Try it =
Among the lines below, output only those between the line holding "HYRHEV VFR 800" and the line holding "Как быстро собрать", inclusive, exactly as written and with no pictures.

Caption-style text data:
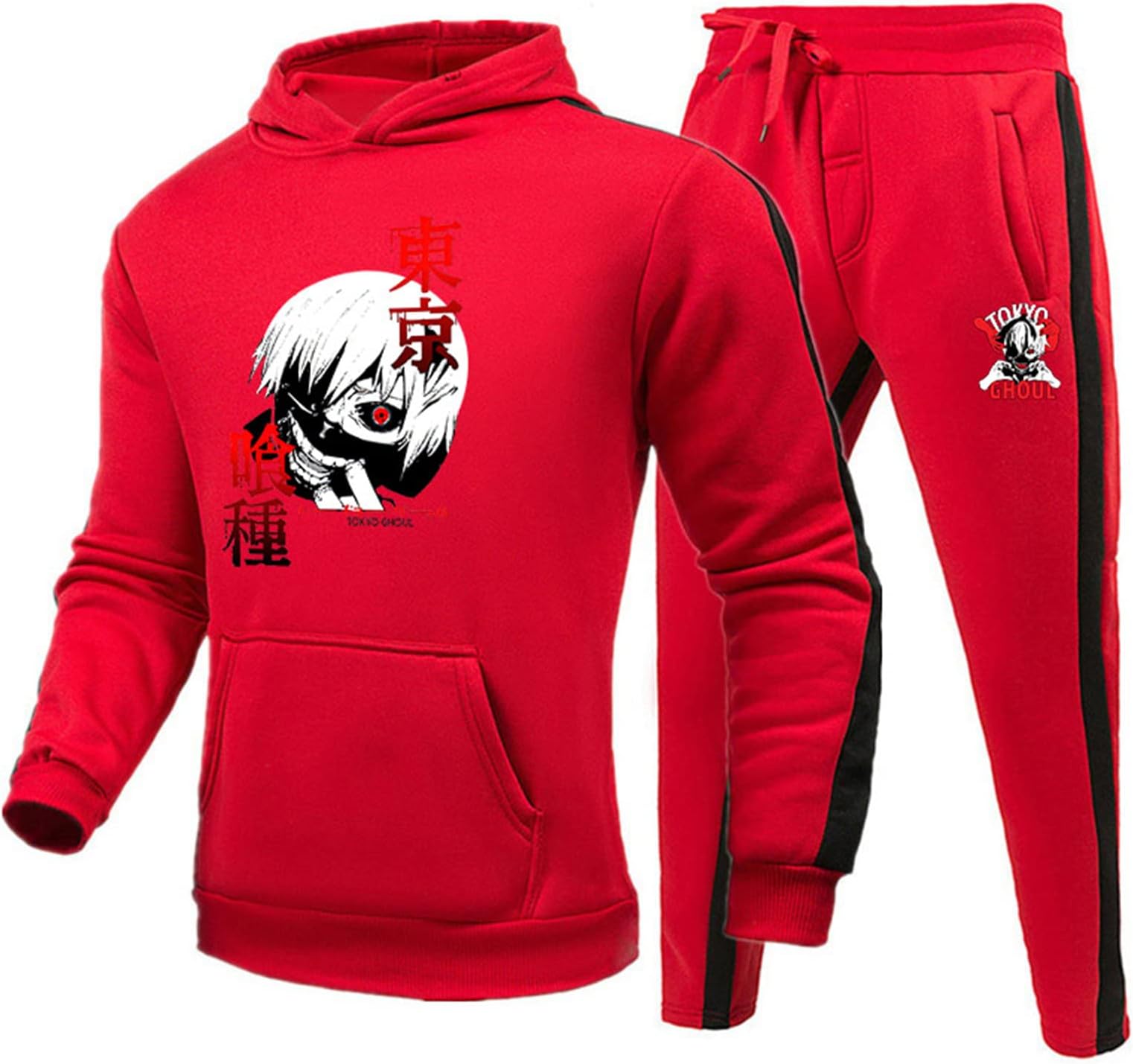 Tokyo Ghoul Hoodie Jogger Pants Tracksuit Women Men Harajuku Anime Cosplay Kaneki Ken Print Sweatshirt Set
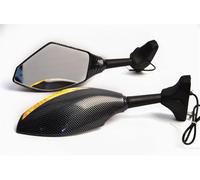 HYRHEV VFR 800 Interceptor ABS 2003 2007 Indicatori di Direzione A Specchietti Retrovisori Laterali Integrati Specchietto retrovisore Manubrio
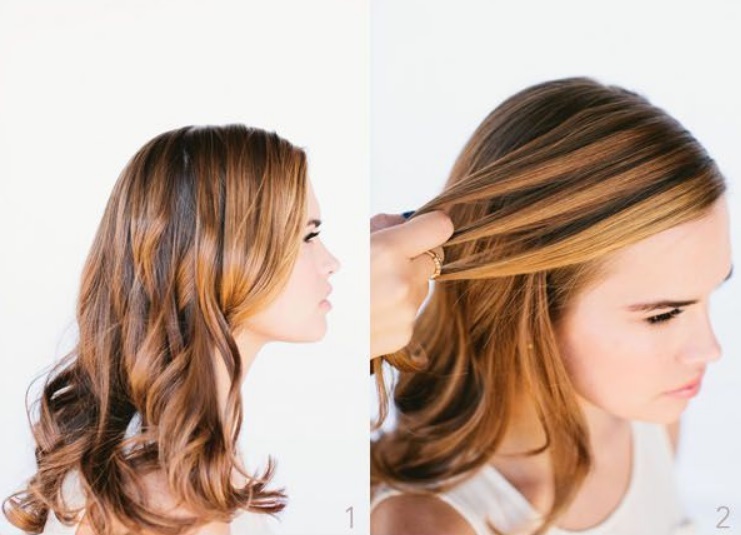Как быстро собрать волосы в красивую прическу «‎водопад». Это просто, а смотрится эффектно и нежно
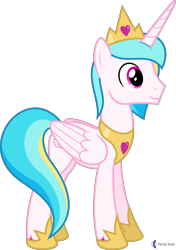 Size: 4000x5684 | Tagged: safe, alternate version, artist:parclytaxel, oc, oc only, oc:prince endearment, species:alicorn, species:pony, g4, .svg available, absurd resolution, commission, crown, hoof shoes, jewelry, male, peytral, regalia, simple background, smiling, solo, stallion, transparent background, vector, wings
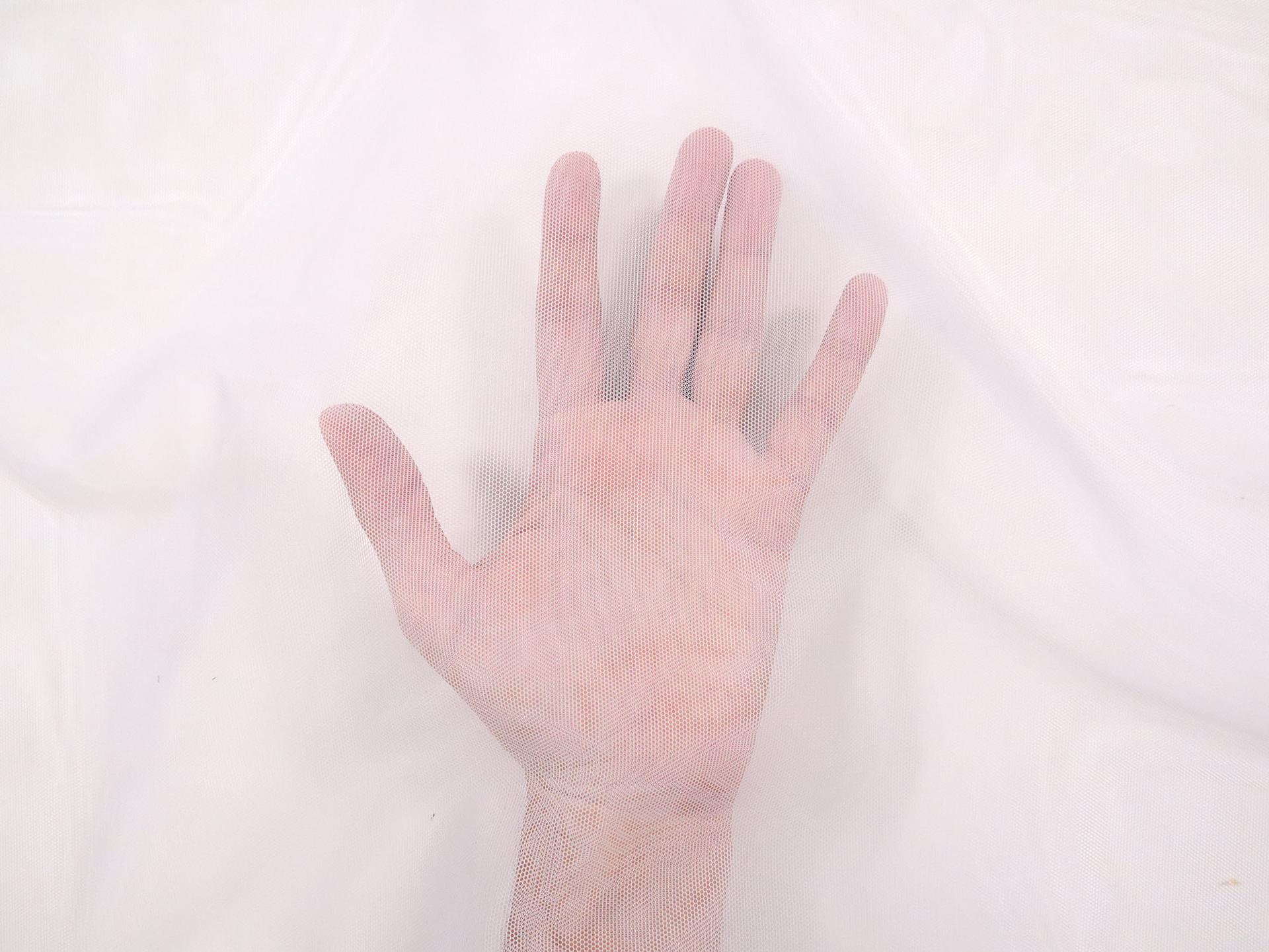 Italian Nylon Tulle in Pearl Grey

Output of the exercise =
 HYRHEV VFR 800 Interceptor ABS 2003 2007 Indicatori di Direzione A Specchietti Retrovisori Laterali Integrati Specchietto retrovisore Manubrio
Как быстро собрать волосы в красивую прическу «‎водопад». Это просто, а смотрится эффектно и нежно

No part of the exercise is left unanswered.